A judge found there was probable cause the men committed the crimes and bound their cases — with various home invasion charges — over to circuit court. They were given a pretrial hearing date of Jan. 16 in Judge Archie Brown’s courtroom.
How the crew operated
Colwell talked about how he first got recruited and went into detail about several of the home invasions themselves, including the one on Quail Ridge Drive in Dexter Township that led to Colwell’s arrest.
Colwell said he has known Jeffrey Aron Schuh for between five and 10 years. The two attended Dexter High School together.
“(He) had mentioned he had a two-man crew for breaking into houses,” Colwell said. “He said he wanted to make it a three-man crew. I took the work. I had a heroin addiction I was feeding.”
The second man in the crew was Ngyuen, who was in charge of scouting the houses and had the idea to break into homes that were for sale, Colwell testified. Ngyuen also had a scanner app on his phone. The crew would monitor police radio traffic to see if there were any calls for tripped alarms.
Colwell testified the three men went on a spree of home invasions starting in early July and ending with Colwell’s arrest in early August. Jeffrey Arthur Schuh, who is charged in three of the nine cases, operated as lookout on some of the jobs, Colwell said.
The crew communicated via text message and regularly would meet at 11 p.m. to case houses. Jeffrey Aron Schuh’s Buick served as transportation. The first house they hit was in the 1700 block of Ives Lane in Ann Arbor. Colwell recalled entering the house through a sidedoor, taking a television and loading it into Jeffrey Aron Schuh’s car.
Colwell went on to testify that he participated in eight additional break-ins with the crew in Ann Arbor, Ann Arbor Township, Scio Township, Webster Township and Dexter Township. Police say the crew made off with foreign coins, two-dollar bills, equestrian trophies, jewelry, silver goblets, electronics, cash, a guitar and custom-made brass bullets.
“We’d pawn it, sell it, try to make money off of it,” Colwell said when asked what the crew did with some of the valuables.
Colwell said he did most of the pawning, but that in one instance, Ngyuen came into Lewis Jewelers with him.
“He wanted to see how much money I got and to make sure I didn’t skim any money off the top,” he said.
Steaks, lobsters and Red Bulls
Colwell’s testimony described how the crew ransacked the houses looking for valuables. He also talked about how the crew stabbed a wall with a sword, didn’t flush toilets after using them and used a stolen credit card to buy top-shelf food at Meijer’s and had a feast at the Shuh’s Dexter residence after a break-in.
The crew also didn’t limit their victims to strangers.
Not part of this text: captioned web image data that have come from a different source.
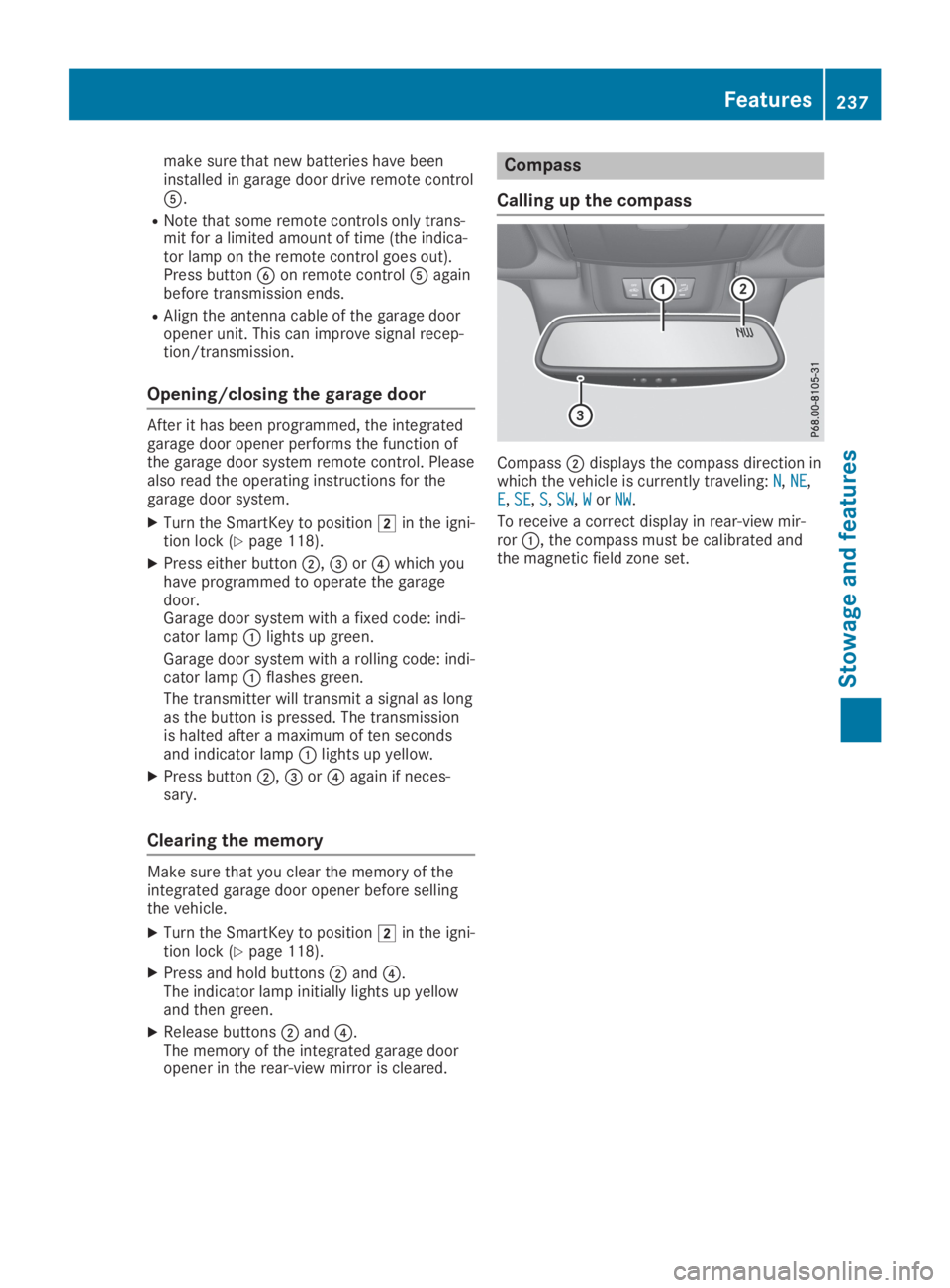 MERCEDES-BENZ SLC 2019  Owners Manual make sure that new batteries have beeninstalled in garage door drive remote control�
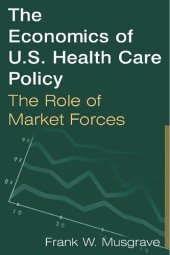 book The Economics of U.S. Health Care Policy: The Role of Market Forces: The Role of Market Forces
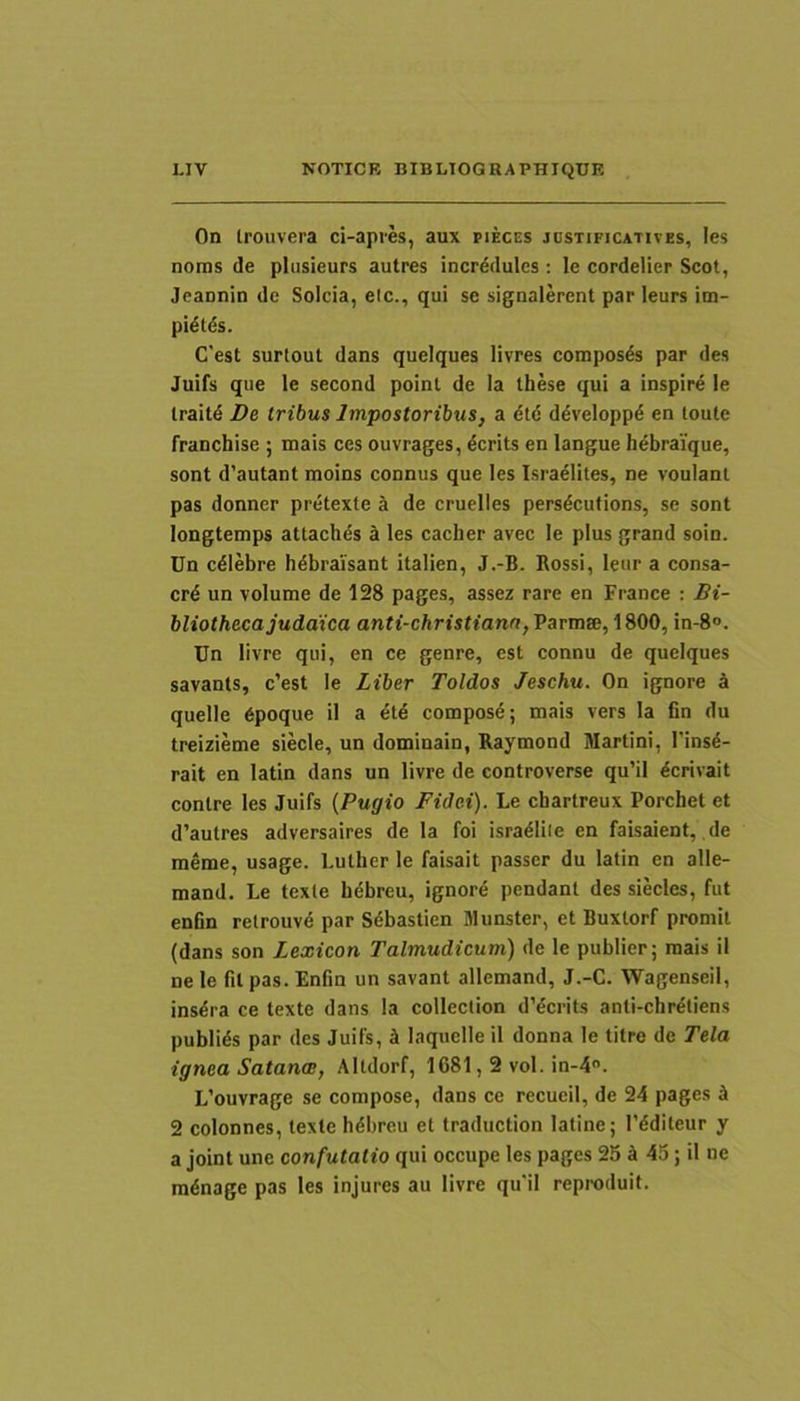 On trouvera ci-apres, aux fieces jdstificatives, les nonis de plusieurs autres incrddules : le cordelier Scot, Jeaonin de Solda, etc., qui se signalerent par leurs im- pidtiSs. Cest surtout dans quelques livres compos4s par des Juifs que le second poinl de Ia these qui a inspire le Irait^ De tribus Impostoribus, a <5t<5 ddveloppd en toute franchise ; mais ces ouvrages, ^crits en langue hebraique, sont d’autant moins connus que les Israeliles, ne voulanl pas donner pretexte a de cruelles pers^cutions, se sont longtemps attaches a les cacher avec le plus grand soin. Un celebre b6brai'sant italien, J.-B. Rossi, leur a consa- crd un volume de 128 pages, assez rare en France : Bi- bliotheca juddica anti-christiana,VeTmte,\9>00, in-8°. Un livre qui, en ce genre, est connu de quelques savants, c’est le Liber Toldos Jeschu. On ignore a quelle 6poque il a compos6; mais vers la fin du treizieme siecle, un dominain, Raymond Martini, I'ins6- rait en latin dans un livre de controverse qu’il ^crivait contre les Juifs {Pugio Fidei). Le cbartreux Porcbet et d’autres adversaires de la foi isradliie en faisaient,. de raeme, usage. Lulber le faisait passer du latin en alle- mand. Le texte bdbreu, ignore pendant des siecles, fut enfin retrouv^ par S6bastien Munster, et Buxlorf promit (dans son Lexicon Talmudicum) de le publier; mais il ne le fil pas. Enfin un savant allemand, J.-C. WagenseiI, ins^ra ce texte dans Ia collection dVcrits anti-cbr^tiens publids par des Juifs, i laquelle il donna le titre de Tela ignea Satanae, Altdorf, 1681,2 vol. in-4. L’ouvrage se compose, dans ce recueil, de 24 pages J 2 colonnes, texte bdbreu et traduction latine; 1’dditeur y a joint une confutatio qui occupe les pages 25 A 45; il ne mdnage pas les injures au livre qu‘il reproduit.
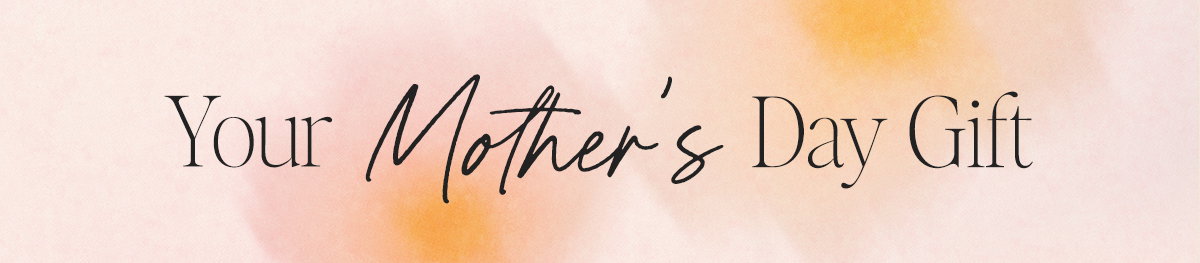 Your Mother's Day Gift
The house the crew broke into in the 35000 block of Richmond Drive in Ann Arbor was where Ngyuen’s ex-girlfriend lived, Colwell testified, and that Ngyuen knew the family was out of town on vacation. Colwell said Jeffrey Arthur Schuh broke out a window then served as a lookout as the three other men entered the house. Colwell took a Fender guitar and jewelry, which are items police recovered and linked Colwell to the crimes.
At a home in the 3100 block of East Delhi Road in Scio Township, the crew committed more vandalism than larceny.
“We broke into a window in the back,” Colwell said. “There wasn’t a lot in this house. We did some damage. I broke a chandelier. (Ngyuen) stabbed a wall with a sword (from a suit of armor). Jeff Junior said he took a crap and didn’t flush it.”
The crew always tried to only break into houses where the people were not home and did so every time except once, Colwell said.
At a home in the 1000 block of Newport Road in Ann Arbor, Colwell recounted coming across a person sleeping in a bed before the ransacking could begin.
“I flashed a flashlight on the bed and that someone was sleeping,” he said.
That person was Margaret Leary, who said she never woke up throughout the break-in. At the first installment of the preliminary examinations for the Schuhs and Ngyuen first session on Nov. 8, Leary testified she woke up around 5:30 a.m. and discovered her kitchen had been rummaged through and the front door was wide open.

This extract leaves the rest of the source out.